The co-termination date is a weighted average of the licenses purchased and claimed by your organization.
For example, suppose an organization has 2 separate camera licenses, one 1-year (365 days) camera license intended for one CD41 camera and one 3-year (1095 days) camera license intended for one CB51 camera. The co-terminated expiration date would be calculated as ((1095*1)+(365*1))/2= 730 days total. Assuming the 2 licenses were purchased on the same day, the organization would have a co-term expiration date of 730 days from the start date of the licenses.
What happens if I have multiple product types?
Verkada licenses are co-termed to a single expiration date even if you have multiple product types. The combined expiration date is still the weighted average of the individual licenses claimed into that organization. Each product is weighted by the MSRP of the license cost for that product.
For example, suppose an organization has 2 licenses, one 1-year (365 days) camera license and one 3-year (1095 days) environmental sensor license. Since the camera license MSRP is $199 and the environmental sensor license MSRP is $249, the co-termination date would be calculated as ((1095*3*249) + (365*1*199)) / ((1*249) + (1*199)) = 962 days. Assuming the 2 licenses were bought on the same day, the co-term expiration date would be 962 days from the start of the license. If we compare that to the 730 days in the camera only example above, we see that the co-term expiration date is farther into the future, as sensor licenses are more expensive than camera licenses and therefore are given more weight in the co-term calculation.
What happens if I add devices in the middle of my license term?
Verkada sells 1, 3, 5, and 10-year licenses. When you add a license to an existing organization, we extend the co-terminating expiration date for all your devices accordingly.
For example, let’s say you originally purchased 10 x 1-year camera licenses. Upon purchase, you have 10*12 = 120 camera months. 120 camera-months / 10 cameras = 12 remaining months. 4 months into the license term, you decide to purchase 3 x 1-year camera licenses. Immediately prior to purchase, you have 10*8=80 camera months. 80 camera-months / 10 cameras = 8 remaining months. After purchase, you have extra credit of 3*12=36 camera months for a total of 80+36=116 camera months. We automatically apply those 36 camera months for your new 13 camera organization. 116 camera-months / 13 cameras = 8.92 remaining months.
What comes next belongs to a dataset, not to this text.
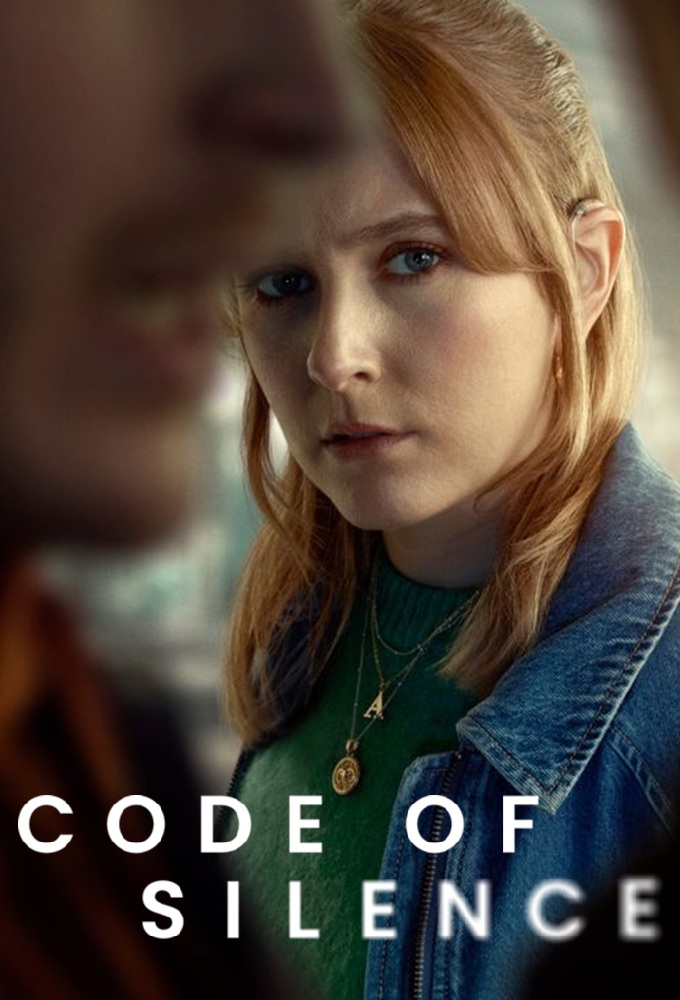 Code of Silence Image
So with this new purchase, your organization's expiration date moved forward by 0.92 months.
In this way, an organization only has a single co-terminating expiration date, avoiding the confusion associated with multiple expiration dates.
What if I want to manage multiple license renewal dates for my organization?
Some customers want to manage multiple renewal dates for their company. For example, a company with regional budgets may want to track a renewal date for each region separately to match their budgeting cycles.
Command's License Manager tracks a single co-terminated renewal date for an organization. Therefore, customers who wish to manage different renewal dates need to create multiple command organizations. Command allows users to be members of multiple organizations. Admins can create different organizations to match the way they want to manage licenses. As an example, the company that wants to have regional tracking would set up each region as an organization and claim license keys and devices for each one separately. Command users can easily switch between organizations to view different sites, and permissions can be synced via SCIM or other identity management tools.